Input and Render priority operations generated to handle animations are lower than Normal, but higher priority than Background operations. However, operations on the Dispatcher are not interrupted by the enqueing of higher priority operations. So a Render operation will have to wait for a running operation, even if it is a Background operation.

Caveat regarding observing on the DispatcherScheduler

ObserveOn(DispatcherScheduler) will push everything through at Normal priority by default. More recent versions of Rx have on overload that allows you to specify a priority.

One point to highlight that's often missed is that items will be queued onto the Dispatcher by the DispatcherScheduler as soon as they arrive NOT one after the other.

So if your 3000 items all turn up fairly close together, you will have 3000 operations at Normal priority backed up on the Dispatcher blocking everything of the same or lower priority until they are done - including Render operations. This is almost certainly what you were seeing - and that means you might still see problems even if you do all but the UI update work on a background thread depending on how heavy your UI updates are.

In addition to this, you should check you aren't running the whole subscription on the UI thread - as Lee says. I usually write my code so that I Subscribe on a background thread rather than use SubscribeOn, although this is perfectly fine too.

Recommendations

Whatever you do, do as much work as possible on a background thread. That point has been done to death on StackOverflow, and elsewhere. Here are some good resources covering this:

If you want to keep the UI responsive in the face of lots of small updates you can either:

  • Schedule items at a lower priority, which is nice and easy - but not so good if you need a certain priority
  • Store updates in your own queue and enqueue them and have each operation you run Invoke the next item from your queue as it's last step.

The bigger picture

It's worth stepping back a bit and looking at the bigger picture as well.
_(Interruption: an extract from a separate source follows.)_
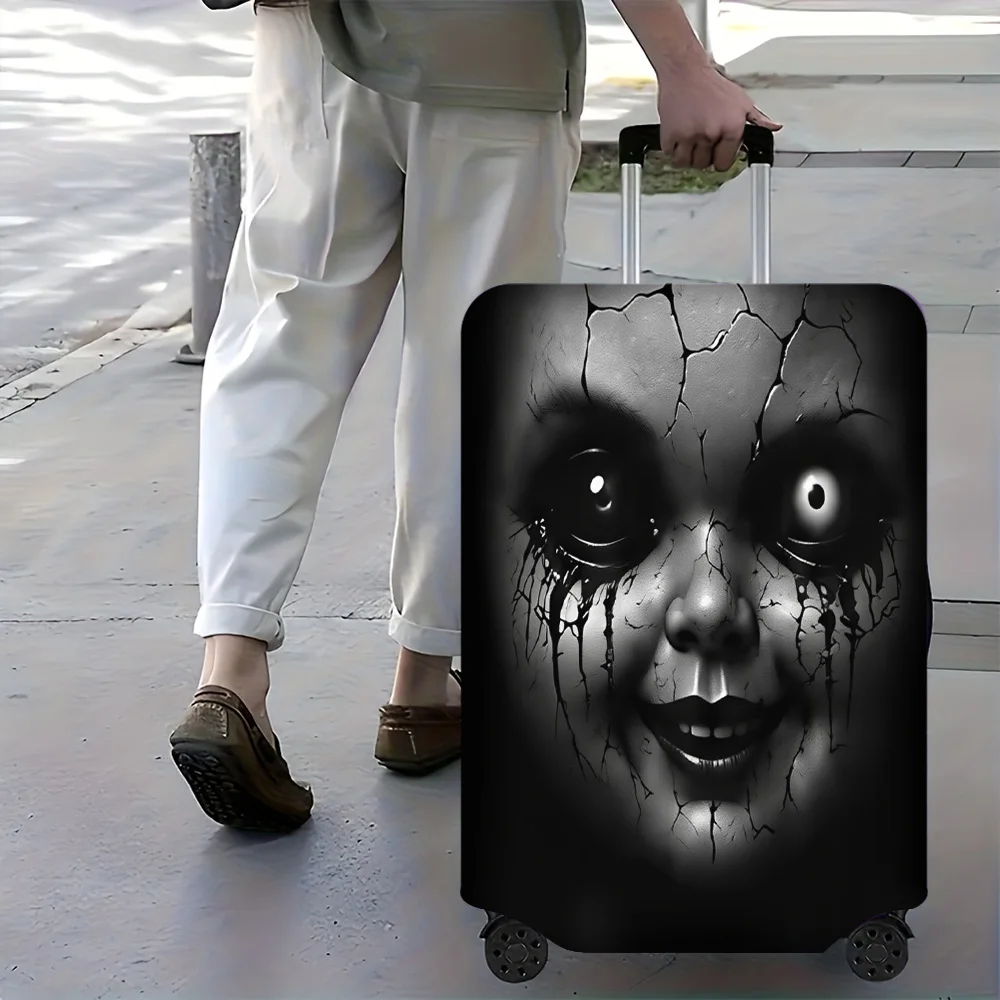 1pc Creepy Baby Face Print Luggage Cover. Fits suitcases from 18 to 32 inches; effectively protects your luggage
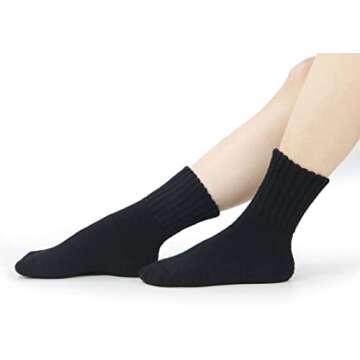 BenSorts Winter Solid Boots Socks for Women Thick Warm Cozy Crew Socks 5 Pair Black Black Beige Beige Beige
If you separately dump 3000 items into the UI in succession, what's that going to do for the user? At best they are going to be running a monitor with a refresh rate of 100Hz, probably lower. I find that frame rates of 10 per second are more than adequate for most purposes.

Not only that, human beings supposedly can't handle more than 5-9 bits of information in one go - so you might find better ways of aggregating and displaying information than updating so many things at once. For example, make use of master/detail views rather than showing everything on screen at once etc. etc.

Another option is to review how much work your UI update is causing. Some controls (I'm looking at you XamDataGrid) can have very lengthy measure/arrange layout operations. Can you simplify your animations? Use a simpler Visual tree? Think about the popular busy spinner that looks like circling dots - but really it's just changing their color. A great effect that is fairly cheap to achieve. It's worth profiling your application to see where time is going.

I would think about the overrall approach front-to-back as well. If you are reasonably certain you are going to get that many items to update at once, why not buffer them up and manage them in chunks? That would might have advantages all the way back to the source - which perhaps is on a server somewhere? In any case, Rx has some nice operators, like Buffer that can turn a stream of individual items into a larger lists - and it has overloads that can buffer by time and size together.

Otros consejos

Have you tried using .SubscribeOn(TaskPoolScheduler.TaskPool) to subscribe on a different thread?

@Pedro Pombeiro has the right answer. The reason you are seeing the freezes on the UI is that you are queueing the work on the Dispatcher. This means the work will be done on the UI thread. You can think of the Dispatcher as a message pump that is constant draining messages from each of its queues (which you can think of each of the priorities [SystemIdle, ApplicationIdle, ContextIdle, Background, Input, Loaded, Render, DataBind, Normal, Send])

Putting you work onto a different priority queue, does not make it run concurrently, just asynchronously.

To run your work on another thread using Rx, then use SubscribeOn as above. Remember to then schedule any updates to the UI back on to the Dispatcher with ObserveOn.